Serie: Die anlaufenden Filme in deutschen Kinos vom 4. Mai 2017, Teil 10
Helmut Krausser
Berlin (Weltexpresso) - EINSAMKEIT UND SEX UND MITLEID ist sicher die gelungenste Verfilmung eines meiner Bücher.
Ich schrieb eine erste Fassung, ohne Honorar, sozusagen auf Verdacht, schon um zu beweisen, dass das Buch filmisch ohne große Abstriche in 90 Minuten umzusetzen ist. Dabei habe ich versucht, alle 36 vorkommenden Charaktere zu „behalten“.
Die Figuren eines Romans sind für einen Schriftsteller ja so was wie seine Familie. Man glaubt, sie sehr gut zu kennen und will keinem wehtun. Ich glaube, dass diese erste Fassung des Drehbuchs sehr viel vom Witz des Buches transportiert hätte, es wäre eine skurrile dialoglastige Komödie daraus geworden. Aber schnell war mir auch klar, dass es so nicht gehen konnte. Folglich hat Lars etliches Personal entfernt, zum Beispiel die Punks. Darüber habe ich mich natürlich zuerst aufgeregt, zum Beispiel auch, dass Eckis schwarze Geliebte Minnie verschwinden musste und zwei der Figuren zu einer verschmolzen wurden, aber rein pragmatisch gesehen ging es wohl kaum anders.

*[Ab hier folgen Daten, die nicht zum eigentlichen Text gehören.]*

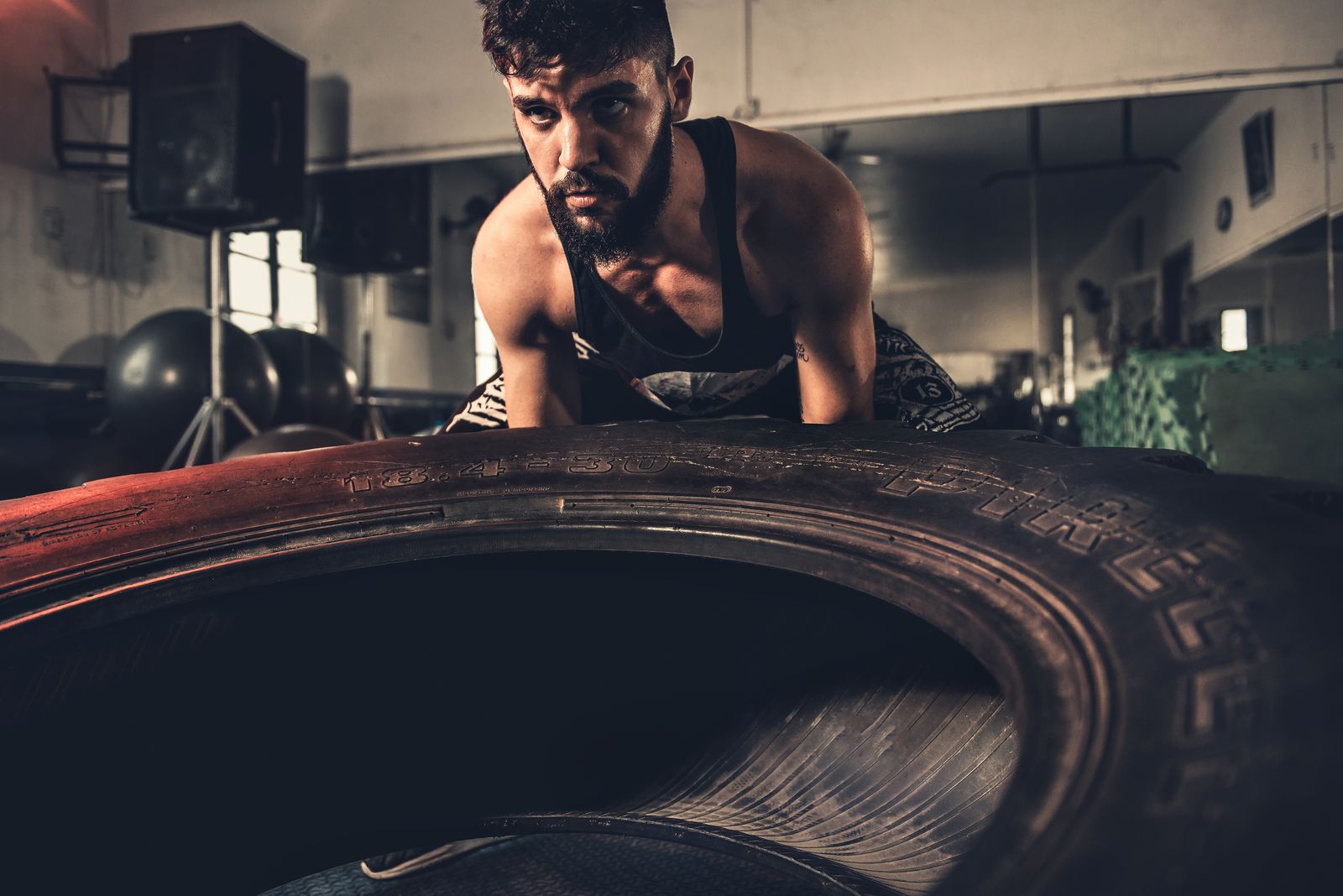 Person lifting weights in a gym, representing conventional exercise compared to yoga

Daraus folgerte aber auch, dass etliche Geschichten umgeschrieben werden mussten, und das habe ich dann lieber Lars überlassen. Er hat zu den diversen Hetero-Beziehungen noch eine schwule hinzugefügt, was mich anfangs irritiert hat, denn eine Rolle wie Ecki wurde dadurch ja komplett umgedeutet, aber inzwischen finde ich das sehr ok, das gehört bei einem Panorama sexueller urbaner Beziehungen einfach dazu. Andererseits wurde durch die filmische Komprimierung das rein sexuelle Element deutlich in den Vordergrund gestellt.
Ich sah mich plötzlich einem Film gegenüber, der viel drastischer, ja brachialer war als mein Buch. Von daher nahm ich mir die sechste Fassung des Drehbuchs und versuchte, ein wenig mäßigend einzuwirken, denn Sex ist, wie der Titel nahelegt, bei mir nur eine Komponente des Stoffes. Man musste auch stark aufpassen, dass die teils gewagten Dialoge, die im Buch viel milder sind, niemand in den falschen Hals bekommen würde.
Erst am Ende offenbart sich die Vision des Regisseurs. Jetzt ist der Film sozusagen in einem anderen Genre gelandet, aber in sich völlig flüssig und spannend.
Im Laufe der Arbeit hat Lars Montag die Schauplätze, die Locations, immer weiter radikalisiert, bis an die Grenze des Realen. Die meisten Zuseher zum Beispiel würden nicht glauben, dass „leise Diskotheken“, bei denen man mit Kopfhörern tanzt, oder sogenannte „Anger Rooms“, bei denen man mit dem Baseballschläger Mobiliar gegen den inneren Frust zerschlagen darf, wirklich existieren, aber es gibt sie.
Das Filmteam hat schier Unglaubliches geleistet.
Das Ensemble ist absolut stimmig, es hat mich durchweg begeistert. Beim Rohschnitt übrigens noch nicht, denn da war so viel vernuschelt und unverständlich, dass ich schlicht oft nicht kapiert habe, was da verhandelt wird. Ich hatte die Möglichkeiten der Nachbearbeitung komplett unterschätzt. Jetzt, finde ich, ist ein sehr aktueller Film entstanden, der sich angenehm vom üblichen deutschen Angebot abhebt, der etwas wagt und auf die Kacke haut, ohne über das Ziel hinauszuschießen.